Meet our new regulatory structure, almost as bad as the old one.

By David Andrew Singer

Last week, the administration of U.S. President Barack Obama released a wide-ranging plan to reform the regulation of financial institutions and markets. Pundits and economists, pleased by the attempt to control “too big to fail” institutions and systemic risk, met the plan with guarded caution.

Harsher criticism would have been warranted. The proposal falls short, as it fails to address a crucial problem: the United States’ fragmented, and thus broken, financial regulatory structure. Indeed, rather than emulating the world’s best regulatory systems — which are streamlined and unitary, like Canada’s — the United States has simply dusted off its current Balkanized system and tried to pass it off as new. American companies and investors deserve better.

Of course, Obama’s proposal includes many sensible reforms. For example, all nationally chartered banks would be supervised by a new national bank supervisor, rather than multiple agencies. Financial holding companies would be subject to strict capital and other prudential standards, thereby closing the loophole that AIG, Bear Stearns, and other institutions exploited for enormous financial gain (but which ultimately led to their downfall). And hedge funds and other private pools of capital would have to register with the Securities and Exchange Commission (SEC) and open themselves to monitoring.

However, as the biggest regulatory overhaul since the Great Depression, the proposal leaves much to be desired. It would abolish just one regulatory agency — the Office of Thrift Supervision (OTS). Accountability for financial stability, whether of individual firms or the entire system, would continue to be spread thinly across the Federal Reserve, Treasury Department, and an alphabet soup of bank, securities, and insurance regulators.

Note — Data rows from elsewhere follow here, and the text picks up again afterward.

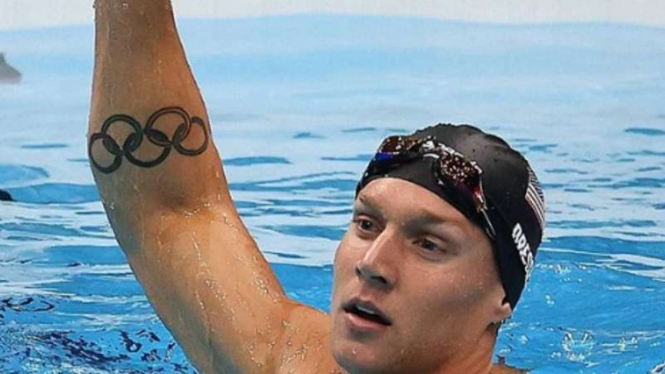 Perenang Amerika Serikat, Caeleb Dressel.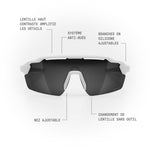 STRYVE II Sunglasses — Matte White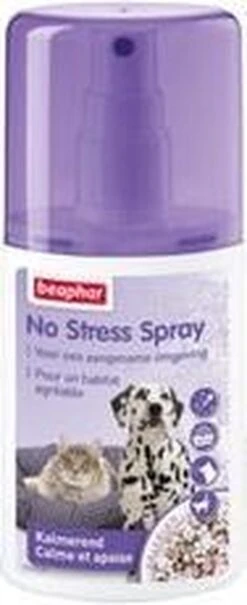 Beaphar No Stress Spray Hond - Kat 125 Ml -Dieren Product Winkel 490x1200
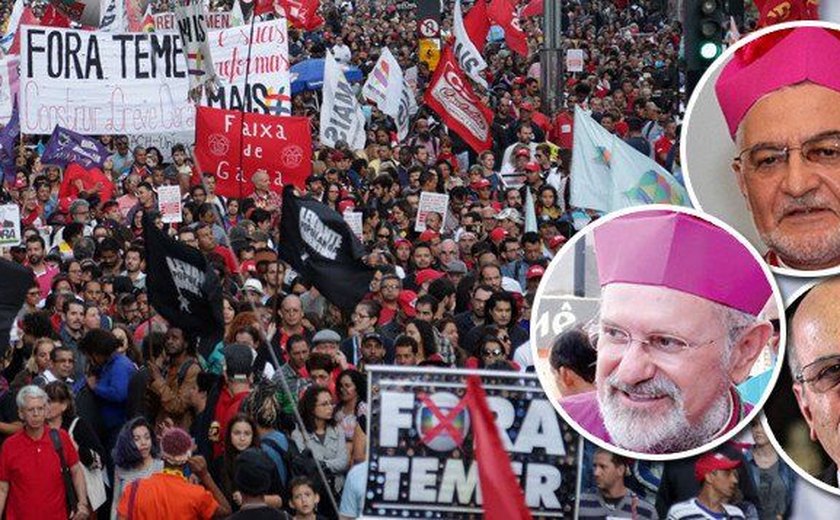 Quase 100 bispos católicos já declararam apoio à greve geral; veja lista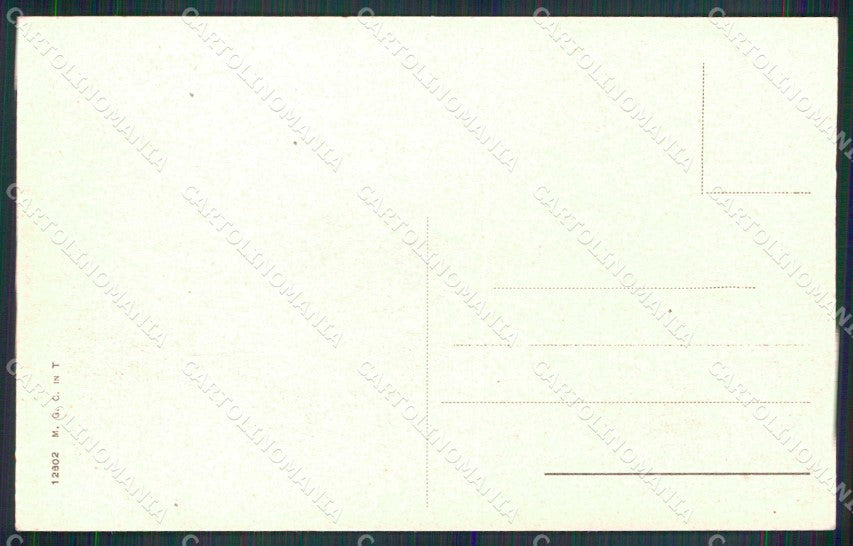 Torino Città Ponte Monumentale Umberto I Dettaglio cartolina MZ8627 – retro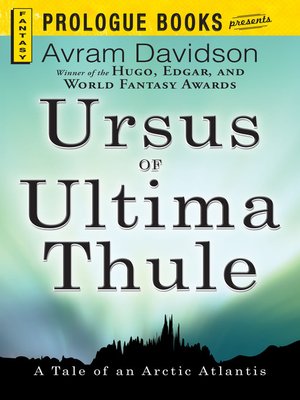 cover image of Ursus of Ultima Thule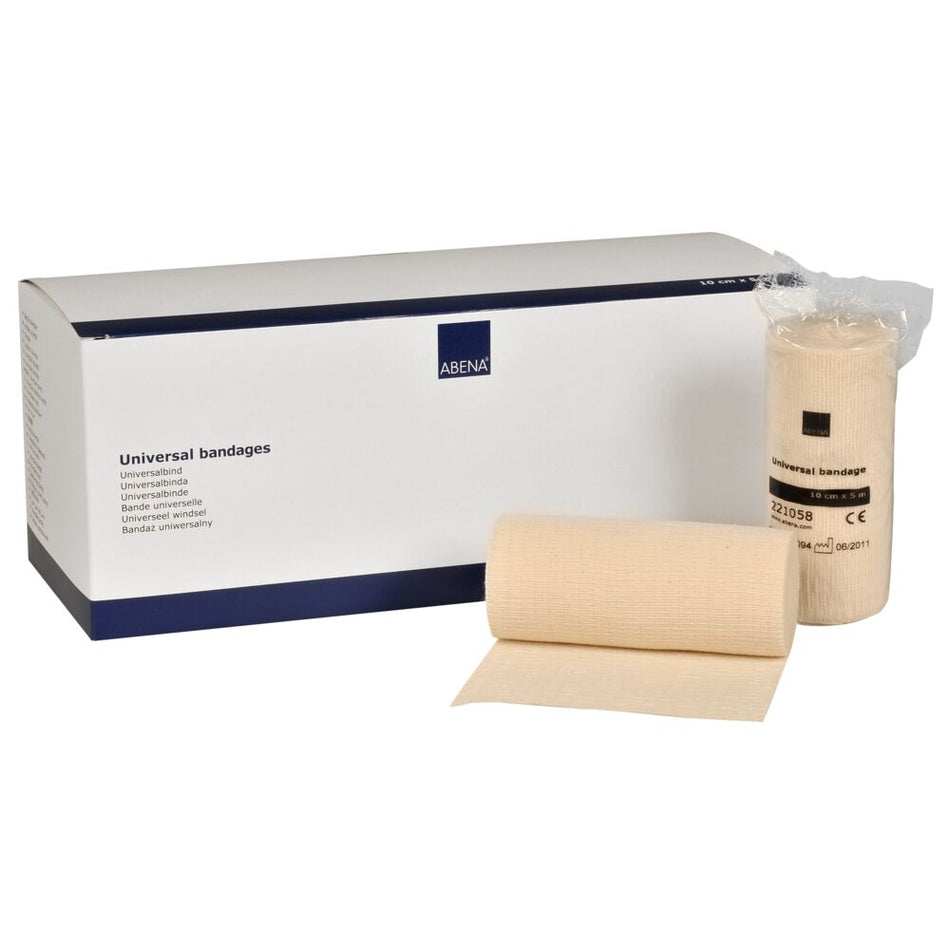 Stützbandage, 10 cm x 4 m (10 Stück)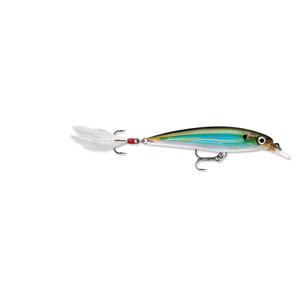 Rapala X-Rap - 7/16oz 4'' Moss Back Shiner
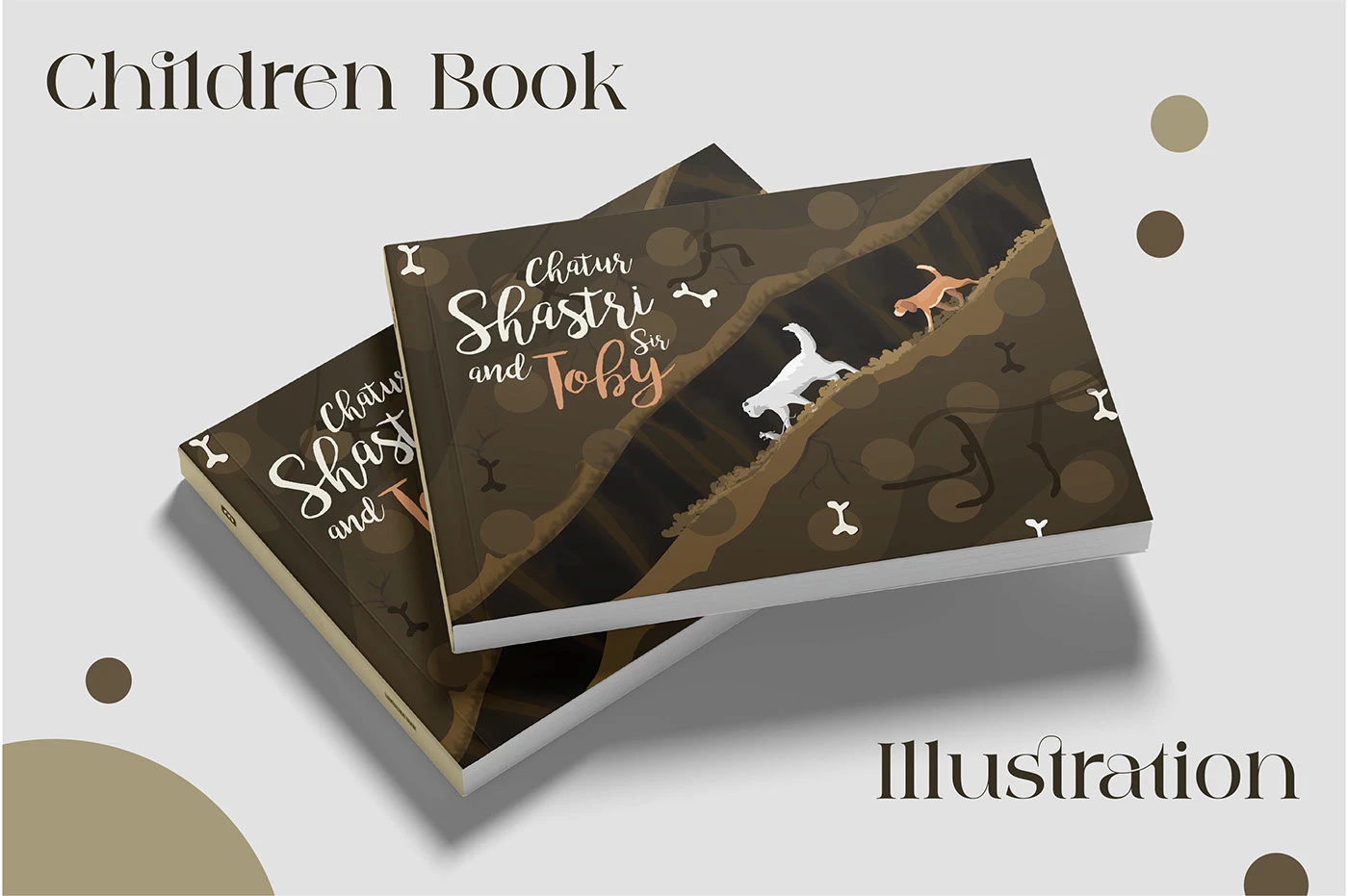 Children's Storybook Illustration – An Odyssey, page 1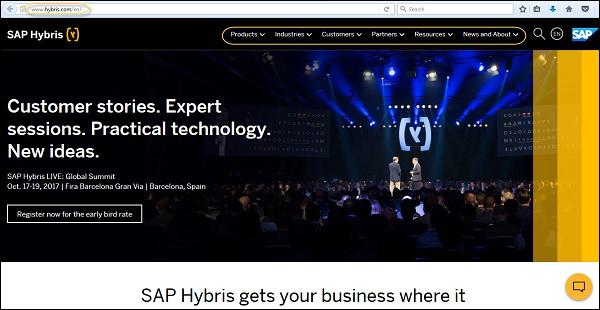 Hybris as Service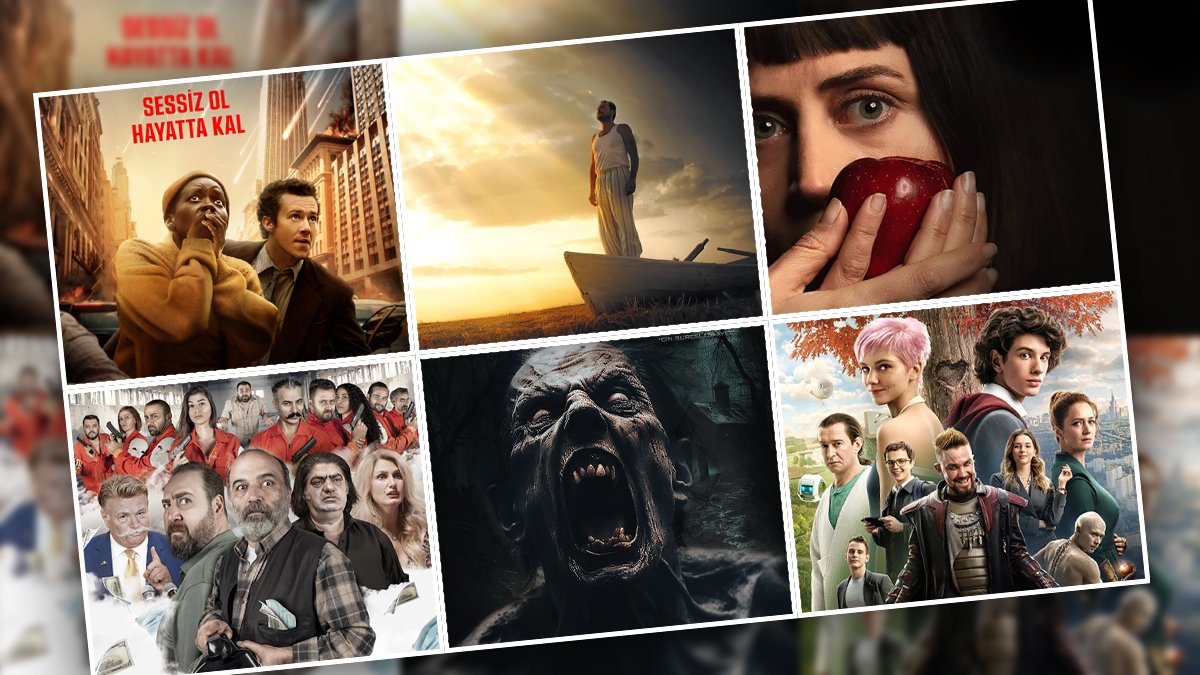 Sinemada bu hafta: 6'sı yerli 10 film vizyonda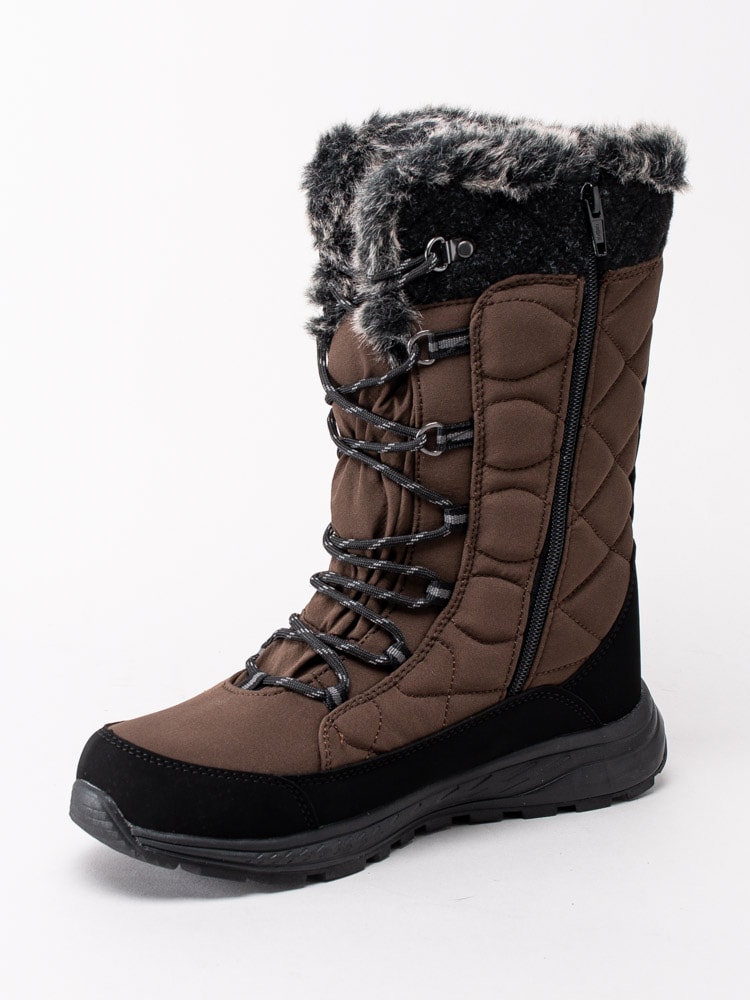 70203004 Polecat 430-9804-89 Black brown Bruna varmfodrade stövlar-2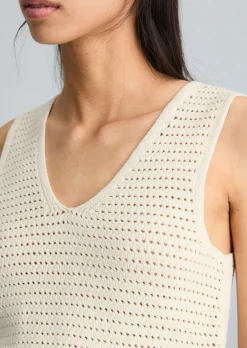 Stricktop slim aus Organic Cotton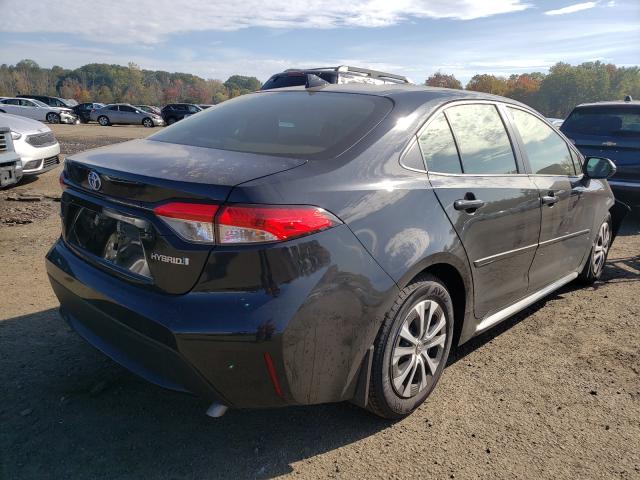 Photo 4 from auction – 2022 TOYOTA COROLLA LE with VIN JTDEAMDE9NJ039722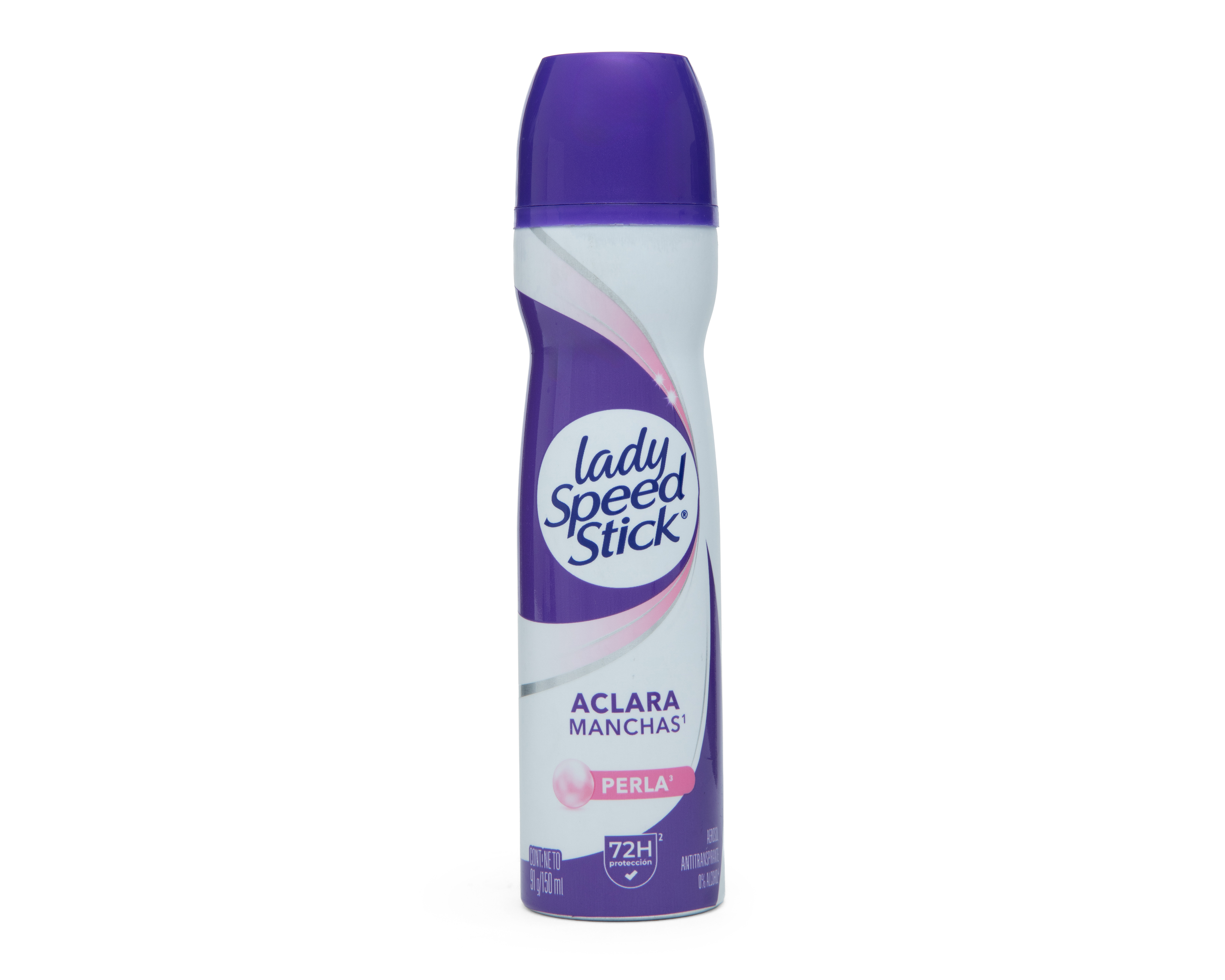 Desodorante en Aerosol Lady Speed Stick Perla Aclara Manchas 150 ml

The national bank supervisor would not have jurisdiction over thousands of state-chartered banks, which could still choose to be regulated by either the Federal Deposit Insurance Corporation (FDIC) or the Fed. Fifty separate state regulators would still oversee insurance companies, with only a new token Office of National Insurance to “coordinate” their disparate regulatory regimes. The Commodity Futures Trading Commission and the SEC would remain institutionally separate, despite the clear overlap in their jurisdictions. Complex financial institutions such as Bank of America would continue to face a multitude of masters, including the new national bank supervisor, the Fed, and the SEC.

This regulatory hodgepodge inevitably creates loopholes to be exploited. In the past, banks and other financial institutions have been able to to play regulators off one another. For instance, in 2007 OTS actually courted Countrywide Financial away from another agency by offering more-flexible oversight. There’s too little in the Obama proposal that promises to stop such malfeasance.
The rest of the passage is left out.